Workin’ 9 to 5, what a way to make a living... Dolly didn’t realise how good she had it. For most, especially Australians, going home at 5 is rare. But you get paid well for it, surely? We shouldn’t ask those questions, now should we? It’s uncouth to discuss pay.
It's Not Good Economics
‘People are funny about money’, as Samantha from Sex and the City put it, and that’s understandable. But the thing is, we’re undermining ourselves by not being open about salaries. How? Okay, so I need to explain something about market economics to you (the patronising comes free of charge). They call it 'asymmetric information' when one person in the transaction has more information than the other person. It’s a thing government regulation tries to fix, like how insider trading is illegal, or like how you buy a couch from eBay and the seller doesn't tell you that the photo was a stock image from Ikea’s website.

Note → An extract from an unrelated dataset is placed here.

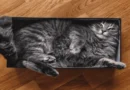 Cats Squeeze_meowkats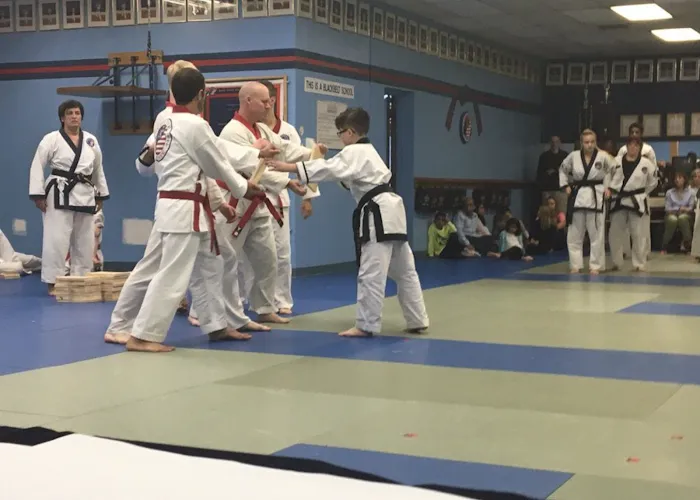 Pereira's Academy of Karate Picture 2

Negotiating with Employers Who Know More Than You
Companies have access to updates on the going rate of all kinds of professions, and they’re constantly keeping an eye on movements. In an ever-increasing contract environment for professionals, where you negotiate your pay one-on-one with your employer, you need all the information you can get. And talking to a couple of recruiters about pay (if you’re lucky enough to have multiple suitors) isn’t going to cut it. Because of course you’re not negotiating one-on-one, you’re negotiating one-on-HR department, recruitment professionals, experienced management, and consultants.
Getting Below Minimum Wage, per Hour
I’ve discovered talking to a few people in large firms that their pay isn't fair, given the hours they work (i.e. below minimum wage). They see their annual figure and they may be happy but on a per hour basis, the baristas servicing them are on a better deal. But they’re promised career progression if they just stay back a little later, get paid a little less. Maybe they would look elsewhere if they knew what they could get.
We're Helping Corporations
We’ve drunk the Kool-Aid corporations have pushed. They’re the ones benefiting from our modesty. Governments, where unions are strongest, have an open policy on pay. Strong union presence and openness about pay mightn’t be coincidence. In Federal or State government, everyone knows everyone else’s pay just by knowing their job title because jobs have a grading system. Instead of sharing what we know and cooperating, we're helping a culture of secrecy that can only mean more information for our employers and less for our colleagues.
At the end of the movie 9 to 5, Dolly’s character and her comrades take over the office—and one of their first acts is to make it no longer a sackable offence to discuss your salary.